Handout (2.2 MB)
The annual cycle of Earth radiation budget is investigated by use of data from the Clouds and the Earth's Radiant Energy System (CERES). Monthly-mean maps of reflected solar flux and Earth-emitted flux on a 1° grid are used for the study. The absorbed solar radiation is the heating by the Sun and is computed from the CERES data by subtracting the reflected flux from the insolation. The annual cycles of albedo, absorbed solar radiation, and Earth-emitted radiation fluxes are described by use of principal components for the time variations, for which the corresponding geographic variations are the empirical orthogonal functions. The principal components provide the most concise quantitative description of the data. The immense heat capacity of the ocean causes it to have a slow response to the annual cycle of heating relative to land, and the atmosphere is closely coupled with the surface, so the Earth's surface is partitioned into land and ocean for the analysis.
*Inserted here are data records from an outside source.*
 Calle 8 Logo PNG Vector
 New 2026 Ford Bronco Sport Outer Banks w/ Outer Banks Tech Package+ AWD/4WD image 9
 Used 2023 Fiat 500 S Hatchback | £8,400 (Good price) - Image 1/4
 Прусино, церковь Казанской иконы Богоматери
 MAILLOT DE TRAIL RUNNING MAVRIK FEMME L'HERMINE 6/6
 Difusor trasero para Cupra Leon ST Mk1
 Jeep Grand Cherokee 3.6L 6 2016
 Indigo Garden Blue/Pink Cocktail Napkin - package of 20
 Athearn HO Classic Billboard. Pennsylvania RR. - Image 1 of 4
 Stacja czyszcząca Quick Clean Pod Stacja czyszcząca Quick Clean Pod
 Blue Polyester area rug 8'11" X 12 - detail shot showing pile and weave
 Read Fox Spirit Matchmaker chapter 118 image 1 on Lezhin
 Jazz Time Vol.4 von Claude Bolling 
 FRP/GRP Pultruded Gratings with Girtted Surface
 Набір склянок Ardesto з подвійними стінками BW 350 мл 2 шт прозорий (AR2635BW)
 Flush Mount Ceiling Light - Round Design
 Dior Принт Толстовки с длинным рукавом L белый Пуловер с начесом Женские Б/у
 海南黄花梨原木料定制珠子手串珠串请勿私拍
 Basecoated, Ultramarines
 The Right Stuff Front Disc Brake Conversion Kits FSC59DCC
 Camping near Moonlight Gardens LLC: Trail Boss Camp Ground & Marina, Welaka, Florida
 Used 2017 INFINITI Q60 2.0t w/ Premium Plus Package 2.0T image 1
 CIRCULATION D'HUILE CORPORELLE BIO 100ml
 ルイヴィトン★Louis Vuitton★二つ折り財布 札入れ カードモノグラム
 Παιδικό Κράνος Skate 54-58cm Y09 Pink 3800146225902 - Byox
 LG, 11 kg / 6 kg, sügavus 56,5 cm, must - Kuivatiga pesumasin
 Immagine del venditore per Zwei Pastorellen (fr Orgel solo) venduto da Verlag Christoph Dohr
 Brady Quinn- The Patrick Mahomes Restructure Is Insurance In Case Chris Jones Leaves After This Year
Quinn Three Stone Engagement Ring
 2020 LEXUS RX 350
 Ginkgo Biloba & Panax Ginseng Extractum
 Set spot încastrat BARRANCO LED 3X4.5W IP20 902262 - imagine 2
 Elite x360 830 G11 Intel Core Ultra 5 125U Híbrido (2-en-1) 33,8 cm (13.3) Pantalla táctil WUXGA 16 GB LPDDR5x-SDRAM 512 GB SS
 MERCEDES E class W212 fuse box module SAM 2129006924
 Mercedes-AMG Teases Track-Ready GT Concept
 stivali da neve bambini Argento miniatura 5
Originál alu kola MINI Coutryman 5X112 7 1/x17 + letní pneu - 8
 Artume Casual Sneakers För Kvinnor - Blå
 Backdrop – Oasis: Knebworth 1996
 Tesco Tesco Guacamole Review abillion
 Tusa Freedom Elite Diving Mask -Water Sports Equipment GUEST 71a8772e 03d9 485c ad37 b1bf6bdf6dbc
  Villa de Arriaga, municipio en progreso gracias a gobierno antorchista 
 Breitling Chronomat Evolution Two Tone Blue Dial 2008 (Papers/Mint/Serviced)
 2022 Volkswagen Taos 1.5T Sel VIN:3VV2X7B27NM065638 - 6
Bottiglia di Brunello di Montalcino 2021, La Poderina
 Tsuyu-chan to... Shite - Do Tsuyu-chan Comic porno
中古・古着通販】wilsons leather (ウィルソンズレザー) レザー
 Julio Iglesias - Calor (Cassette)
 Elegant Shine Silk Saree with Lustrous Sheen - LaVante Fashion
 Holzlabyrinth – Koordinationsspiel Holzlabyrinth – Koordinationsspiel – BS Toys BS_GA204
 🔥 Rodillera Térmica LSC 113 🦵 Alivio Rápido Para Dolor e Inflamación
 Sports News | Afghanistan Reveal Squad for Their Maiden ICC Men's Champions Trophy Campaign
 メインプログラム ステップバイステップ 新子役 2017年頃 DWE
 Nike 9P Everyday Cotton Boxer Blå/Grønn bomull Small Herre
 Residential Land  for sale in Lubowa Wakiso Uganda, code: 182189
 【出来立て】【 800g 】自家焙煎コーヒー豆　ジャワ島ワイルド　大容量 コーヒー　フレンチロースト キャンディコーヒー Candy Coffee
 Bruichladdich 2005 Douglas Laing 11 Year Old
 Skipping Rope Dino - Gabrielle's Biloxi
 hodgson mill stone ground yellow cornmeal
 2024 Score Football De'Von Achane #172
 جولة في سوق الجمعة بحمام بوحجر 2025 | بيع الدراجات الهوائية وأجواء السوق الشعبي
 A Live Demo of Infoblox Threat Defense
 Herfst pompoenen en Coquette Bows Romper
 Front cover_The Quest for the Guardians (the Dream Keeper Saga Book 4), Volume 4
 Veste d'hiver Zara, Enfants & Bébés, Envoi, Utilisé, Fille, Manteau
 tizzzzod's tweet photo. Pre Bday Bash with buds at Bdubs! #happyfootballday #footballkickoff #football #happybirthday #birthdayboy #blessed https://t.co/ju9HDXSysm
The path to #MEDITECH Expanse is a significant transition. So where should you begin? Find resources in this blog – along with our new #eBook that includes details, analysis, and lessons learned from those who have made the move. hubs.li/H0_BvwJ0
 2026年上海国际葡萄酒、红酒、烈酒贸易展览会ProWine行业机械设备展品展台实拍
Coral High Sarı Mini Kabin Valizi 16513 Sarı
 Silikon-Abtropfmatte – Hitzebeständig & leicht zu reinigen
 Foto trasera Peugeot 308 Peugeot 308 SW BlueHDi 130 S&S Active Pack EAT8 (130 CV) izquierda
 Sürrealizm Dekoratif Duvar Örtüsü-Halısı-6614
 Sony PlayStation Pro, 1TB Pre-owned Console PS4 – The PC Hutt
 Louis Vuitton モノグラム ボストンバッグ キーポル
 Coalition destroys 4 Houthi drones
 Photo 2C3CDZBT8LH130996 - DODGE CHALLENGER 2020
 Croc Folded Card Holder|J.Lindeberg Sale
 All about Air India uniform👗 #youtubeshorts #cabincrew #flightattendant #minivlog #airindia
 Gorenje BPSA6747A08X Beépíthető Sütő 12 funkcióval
The first principal component describes a large majority of the variance of the albedo, the absorbed solar radiation, and the Earth-emitted radiation fluxes. This conciseness of the description makes principal component analysis useful as a method for comparing observed radiation budget with that computed by a model. The magnitude of the Earth-emitted radiation and the albedo and their phase angles relative to the absorbed solar radiation are important descriptors of the climate system and are computed for the first principal components.